# Need a recommendation for a book



## JeffC (Nov 11, 2006)

I need a recommendation for a book on AC and DC electric machines. I never took a course on AC and DC electric machines. I plan on taking the ECC in depth module so I will need to understand enough to pass the AM portion. My current job does not involve AC and DC electric machines and no one at work is very knowledgeable. This book will be only learning resource I will have. Any ideas?


----------



## Wolverine (Nov 11, 2006)

I can tell you *A* textbook to get for advanced study on machines but I'm not willing to go so far as to make a recommendation. This is from college and is pretty much the only detailed book I have on the subject which makes any recommendation slightly biased:

Fitzgeralds "Electric Machinery"

http://product.half.ebay.com/_W0QQtgZvidet...75430QQprZ28422

It does a decent job of explaining the what but when it gets deep into electromagnetic theory and calculations, it goes a little to deep for my pea-sized brain. I wouldn't recommend it as a sole source of knowledge on machines but it's okay for the fundamentals and worth picking up if you can get it cheap. Ironically, it's the one book I didn't bring to the test and there was a problem straight out of it on the exam. Can't tell you which one without violating my double top secret non-disclosure clause though.


----------



## Art (Nov 11, 2006)

contact Marathon, US Motors and Baldor, etc.

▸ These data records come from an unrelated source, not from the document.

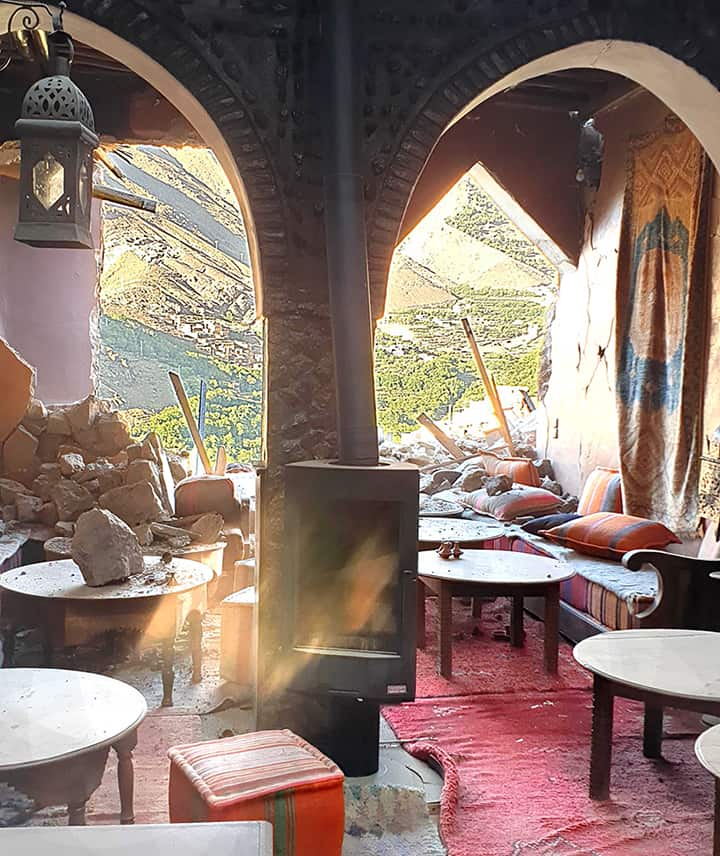Kasbah du Toubkal dining room damage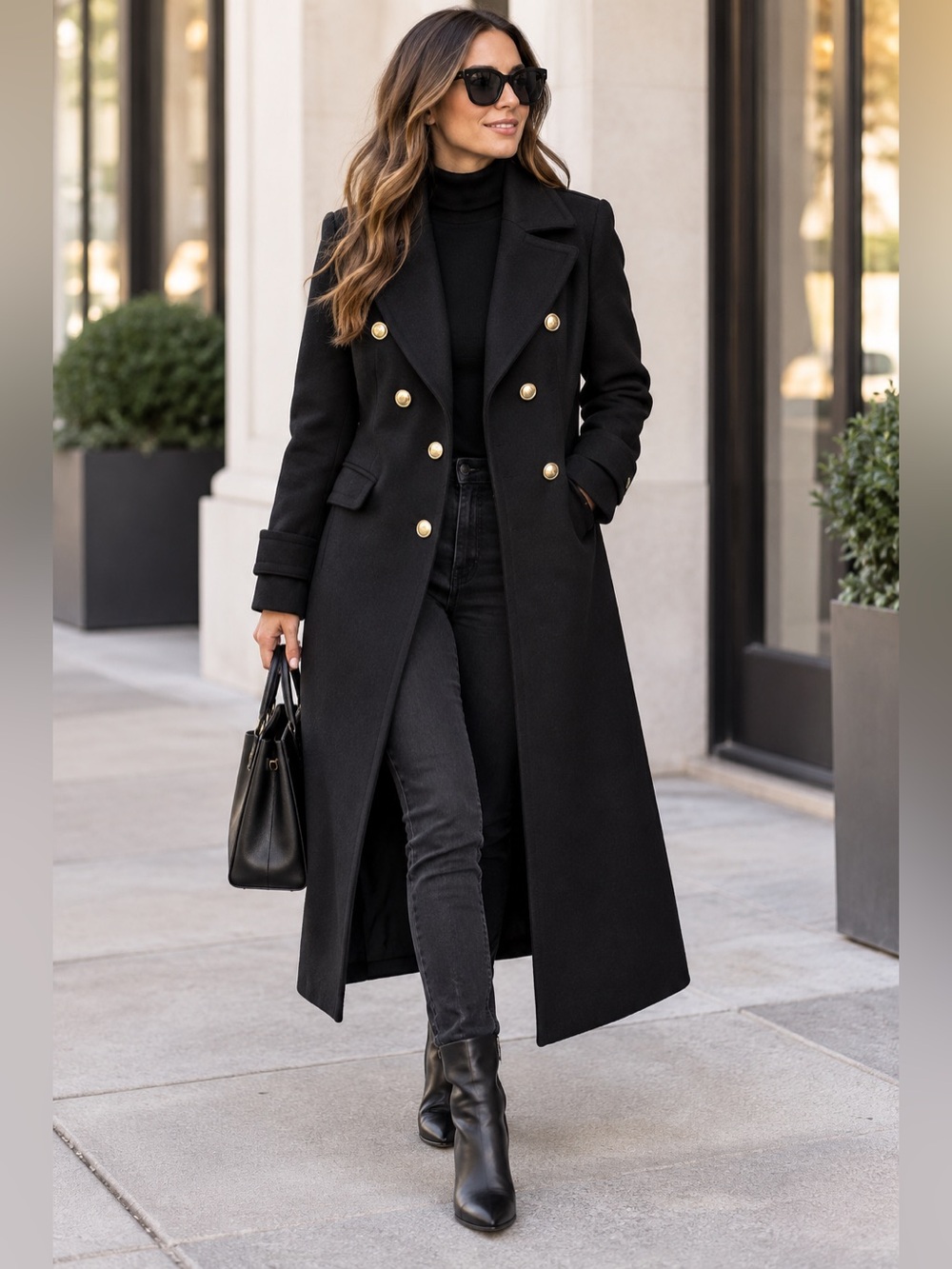 Express Black Long Double-Breasted Pea Coat with Gold Buttons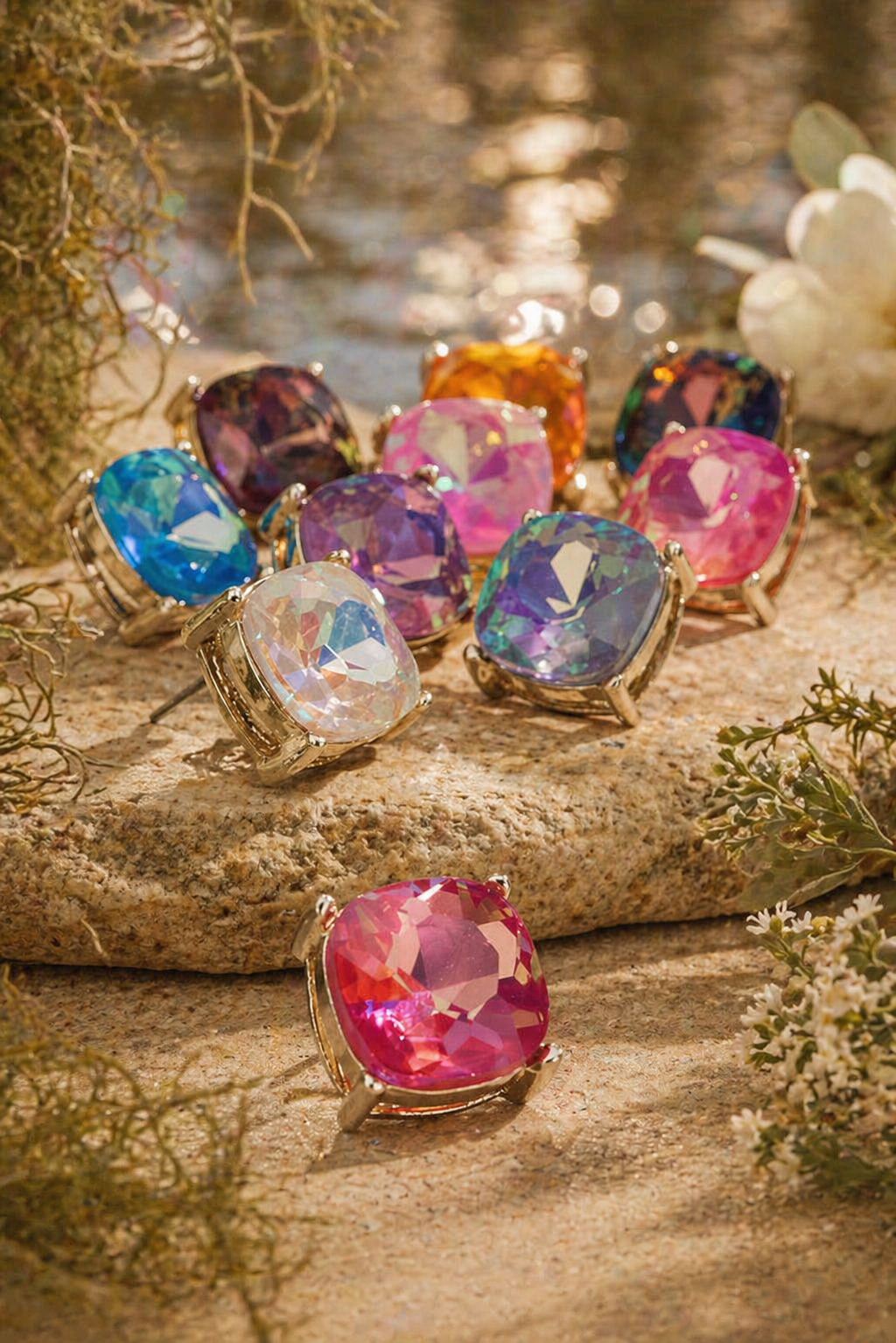 Peach Prism Glow Stud Earrings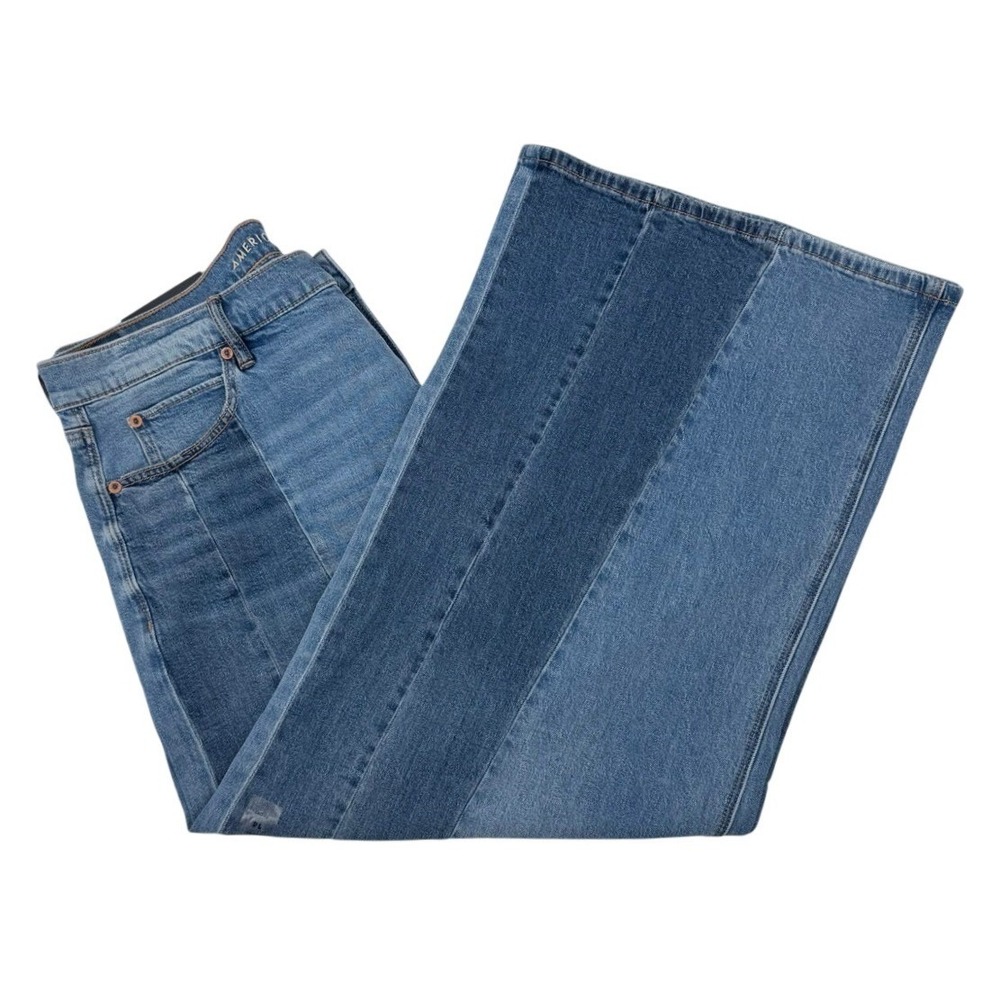 NEW American Eagle Dreamy Drape‎ Ultra Wide Leg Jeans Womens 14 Short Baggy Y2K - Picture 5 of 13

they have great technical stuff, it's free and might be good references for the test...

the theory is pretty straightforward, the application is tricky

another source would be any good Electrical Engineering Handbook...

I have one by Fink &amp; Beaty


----------



## Dark Knight (Nov 21, 2006)

Hello there,

For the AM part of the test I would not be too worried. Just review some basic concepts: % slip, synchronic speed, and how to calculate the number of poles/ Almost all these things are formulas and for the morning, as far as I can tell is mostly plug and play.

Let me know if need something else my friend...

;guns; ;guns; ;guns; ;guns; ;guns; ;guns; ;guns; ;guns; ;guns; ;guns;


----------



## Fudgey (Nov 22, 2006)

Here's a book you might find helpful.


----------



## benbo (Nov 22, 2006)

In addition to what Luis said you're probably going to have to do some simple VAR, VA, power factor correction type calculations. Look at the NCEES practice exam. Variations on this.


----------



## Frontier05 (Dec 19, 2006)

> I need a recommendation for a book on AC and DC electric machines. I never took a course on AC and DC electric machines. I plan on taking the ECC in depth module so I will need to understand enough to pass the AM portion. My current job does not involve AC and DC electric machines and no one at work is very knowledgeable. This book will be only learning resource I will have. Any ideas?


Not sure if you already have the "the other board" EERM, but it would help doing the handful of problems they have in the seperate book. I personally think the EERM needs some serious work in the motor area, but the basics can still be picked up. It's a good reference, but not a sole reference for me.

The schaums outlines helped me quite a bit for basics and more in depth. Electric machines and electromechanics

I also have "Foundations of Electric Power" by J.R Cogdell - I took a college motor class last year and this was the book used. It is written pretty good and easy to follow.

I think a lot of colleges use this book now.


----------